When I made the header art for this site, I knew just the photograph I wanted: an attractive woman wearing red-and-blue glasses, looking at the logo, expressing both surprise and happiness. And the photo had to be in 3-D. As you can see at the top of this page, I got just what I wanted. But I didn't find what I wanted; I had to make it.
Here's what I found: a stock photograph by Sharon Dominick, on iStockphoto.com. (And by the way, if you're not buying your stock photos from iStockphoto, you are wasting money. Go sign up with iStockphoto, or you're fired.)
I could tell right away that -- besides facing the wrong way, and looking in the wrong direction, and not wearing 3-D glasses, and having hair blowing everywhere, and being only two-dimensional -- this girl was perfect. Simply perfect. Well, she wasn't quite happy enough, either. But perfect besides that. So I bought the photo.
To fix the parts that wouldn't work with my layout, I retouched the photo. I flipped the image so she faced leftwards, erased some of her hair, blacked out the lenses of the glasses, cloned out her shoulder strap, and pulled her mouth ever-so-slightly into a happier smile.
That was the easy part. But she still wasn't in 3-D. Usually, you make a 3D photo by using two separate images shot from slightly different angles.
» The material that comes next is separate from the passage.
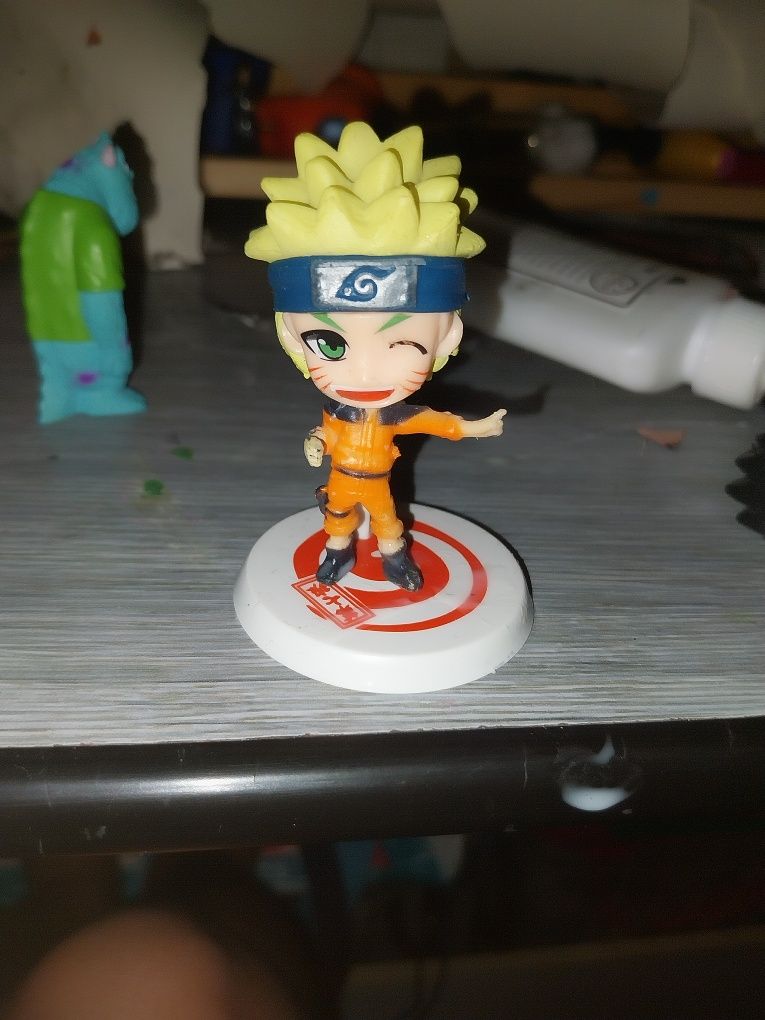 Trei figurine din anime-ul Naruto :Naruto, Sasuke,sakura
But how do you make a 3D photo from a single flat image?
I did it by making a layered Photoshop file. Each layer contained just a little less of the image than the one below it. The bottom layer had the whole portrait; the next layer, just the head; the next layer, the chin and face; and so on, until the top layer just had her nose and glasses.
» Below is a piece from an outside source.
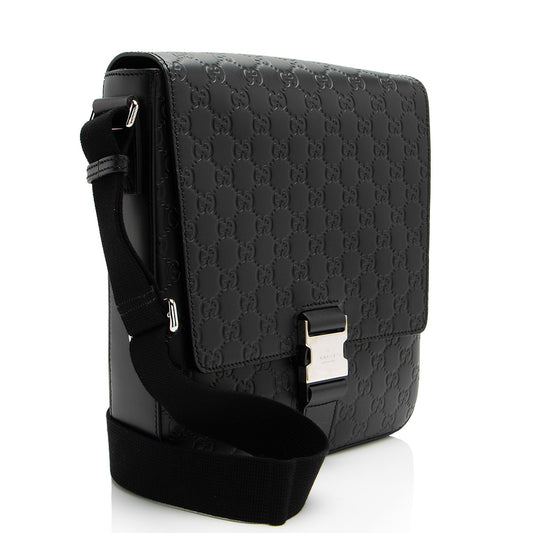 Gucci Guccissima Leather Buckle Messenger (SHF-hZFpSA)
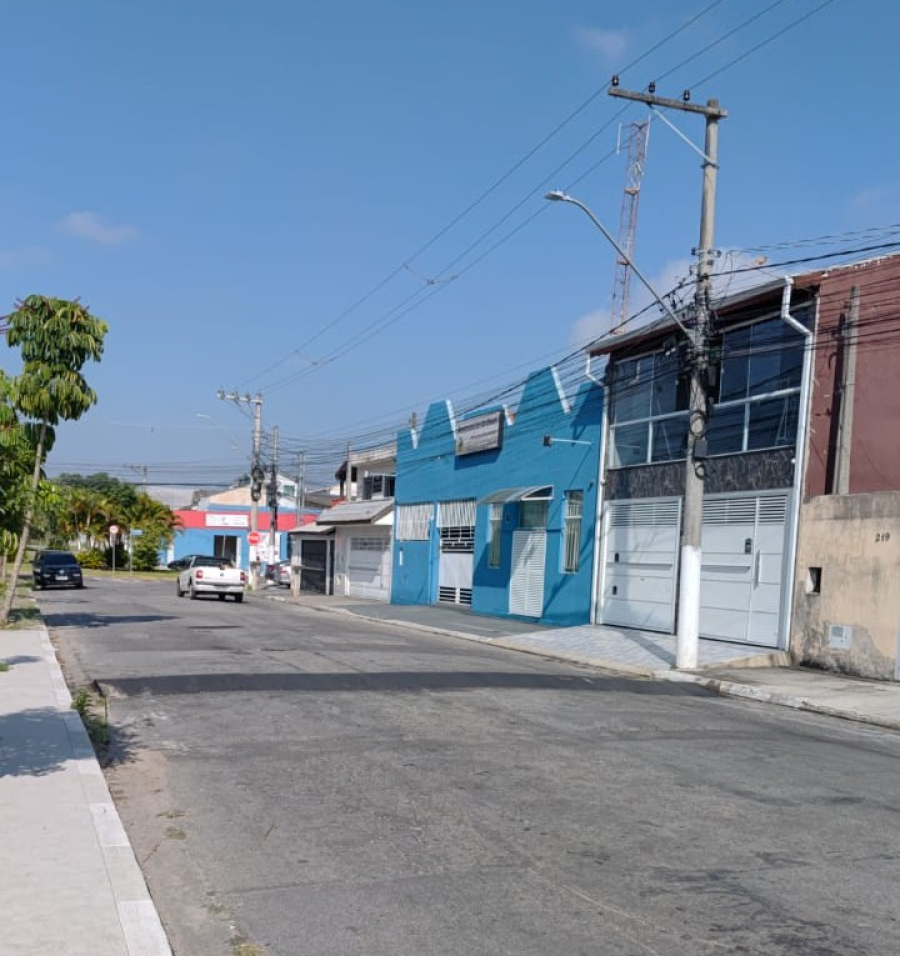 A pedido do vereador Pacola, rua do Jardim Quaresmeira ganha lombada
The trick here is to feather the edges of your eraser just right. If you use hard edges everywhere, the edges of your layers will show up in the 3D image, and make her look like she's made of construction paper. In most places, you want to use feathered edges to make smooth transitions from one layer to the next. But in some places, you want a hard edge, for a sharp transition (such as where her glasses appear in front of her hair).
After that, I made a copy of every layer so I had two full sets. I colored one of these sets red and the other cyan, and moved the layers to simulate the two different viewing angles. Merging them into one anaglyph image gives me this:
For my header art, I colored her lenses blue and red, but I reckon I'll leave them black here. She looks pretty cool.
No matter how hard you work at it, you'll never turn it into a true stereoscopic photo. But you can come pretty close, probably close enough to fool most people, especially if you plan to use it at a smaller size, such as in my header.